=== MATERIAL PROVIDED ===
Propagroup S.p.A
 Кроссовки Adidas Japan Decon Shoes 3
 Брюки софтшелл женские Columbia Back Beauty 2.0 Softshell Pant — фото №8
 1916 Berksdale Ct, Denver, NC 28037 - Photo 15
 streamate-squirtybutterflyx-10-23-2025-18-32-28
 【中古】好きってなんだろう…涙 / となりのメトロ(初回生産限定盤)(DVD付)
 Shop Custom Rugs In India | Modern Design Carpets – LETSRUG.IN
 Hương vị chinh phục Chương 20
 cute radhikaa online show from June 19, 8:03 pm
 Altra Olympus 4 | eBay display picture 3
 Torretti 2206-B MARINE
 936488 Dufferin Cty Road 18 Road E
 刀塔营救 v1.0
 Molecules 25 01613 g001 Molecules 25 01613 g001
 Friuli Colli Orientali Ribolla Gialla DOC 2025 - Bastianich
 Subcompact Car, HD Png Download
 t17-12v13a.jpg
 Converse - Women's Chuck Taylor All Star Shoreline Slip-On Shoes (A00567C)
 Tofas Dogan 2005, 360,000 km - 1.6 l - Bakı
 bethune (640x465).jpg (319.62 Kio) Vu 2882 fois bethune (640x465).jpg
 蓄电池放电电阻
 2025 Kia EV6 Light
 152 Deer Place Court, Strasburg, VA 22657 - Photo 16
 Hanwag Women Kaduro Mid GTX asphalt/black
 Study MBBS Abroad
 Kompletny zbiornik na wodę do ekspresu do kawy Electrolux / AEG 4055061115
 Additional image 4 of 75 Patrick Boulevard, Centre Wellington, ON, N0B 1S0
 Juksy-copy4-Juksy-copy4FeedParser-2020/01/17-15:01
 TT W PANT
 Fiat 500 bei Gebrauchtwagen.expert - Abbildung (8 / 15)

=== YOUR GOAL ===
Each record above needs to be written out exactly, with nothing left out.

=== SOLVED EXERCISE ===
Propagroup S.p.A
 Кроссовки Adidas Japan Decon Shoes 3
 Брюки софтшелл женские Columbia Back Beauty 2.0 Softshell Pant — фото №8
 1916 Berksdale Ct, Denver, NC 28037 - Photo 15
 streamate-squirtybutterflyx-10-23-2025-18-32-28
 【中古】好きってなんだろう…涙 / となりのメトロ(初回生産限定盤)(DVD付)
 Shop Custom Rugs In India | Modern Design Carpets – LETSRUG.IN
 Hương vị chinh phục Chương 20
 cute radhikaa online show from June 19, 8:03 pm
 Altra Olympus 4 | eBay display picture 3
 Torretti 2206-B MARINE
 936488 Dufferin Cty Road 18 Road E
 刀塔营救 v1.0
 Molecules 25 01613 g001 Molecules 25 01613 g001
 Friuli Colli Orientali Ribolla Gialla DOC 2025 - Bastianich
 Subcompact Car, HD Png Download
 t17-12v13a.jpg
 Converse - Women's Chuck Taylor All Star Shoreline Slip-On Shoes (A00567C)
 Tofas Dogan 2005, 360,000 km - 1.6 l - Bakı
 bethune (640x465).jpg (319.62 Kio) Vu 2882 fois bethune (640x465).jpg
 蓄电池放电电阻
 2025 Kia EV6 Light
 152 Deer Place Court, Strasburg, VA 22657 - Photo 16
 Hanwag Women Kaduro Mid GTX asphalt/black
 Study MBBS Abroad
 Kompletny zbiornik na wodę do ekspresu do kawy Electrolux / AEG 4055061115
 Additional image 4 of 75 Patrick Boulevard, Centre Wellington, ON, N0B 1S0
 Juksy-copy4-Juksy-copy4FeedParser-2020/01/17-15:01
 TT W PANT
 Fiat 500 bei Gebrauchtwagen.expert - Abbildung (8 / 15)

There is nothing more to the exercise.